Difference between revisions of "Basic Queries"

Revision as of 14:37, 3 February 2015

This tutorial assumes you have the HelloWorld Java project in your workspace and have just completed the Learning Atlas Setup tutorials.

If you haven't already enter the following queries in the Atlas Shell. Don't worry what they mean right now, by the end of this tutorial you will!

var declaresEdges = universe.edgesTaggedWithAny(Edge.DECLARES).retainEdges()
var appMethods = declaresEdges.forward(universe.project("HelloWorld"))
var methods = app.nodesTaggedWithAny(Node.METHOD)
var initializers = app.methods("<init>") union app.methods("<clinit>")
var constructors = app.nodesTaggedWithAny(Node.IS_CONSTRUCTOR)
var callEdges = universe.edgesTaggedWithAny(Edge.CALL).retainEdges()
var graph = (appMethods difference (initializers union constructors)).induce(callEdges)
show(graph)

Your Eclipse should now look something like the following screenshot.

Note: You can drag and drop Eclipse views around and rearrange them by pinning views to different areas in Eclipse.

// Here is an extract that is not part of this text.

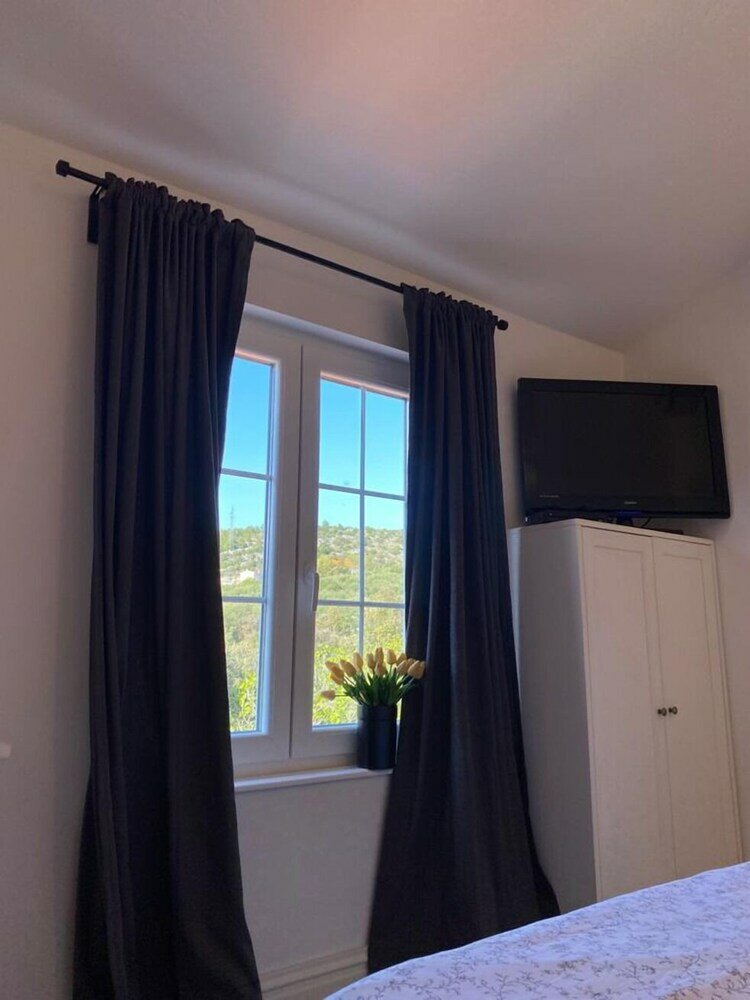 Фото Ani - With Pool and hot tub - A2 Sjeverni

Let's take a look at the graph that Atlas computed for us in response to our queries. We see a graph with 7 methods (A, B, ... G). We also see that all of these methods are public (green dot icon) static (S icon) methods. We see that all methods are declared inside the class MyClass. MyClass is declared by the package com.example which is declared in the project HelloWorld. Most importantly, we see that many of the methods have a directed call relationship to other methods. Atlas has recorded and abstracted the relationships in the MyClass.java source code file. You can see in the source that method A calls method B in its body. In the graph this is represented by a call edge from the A method node to the B method node.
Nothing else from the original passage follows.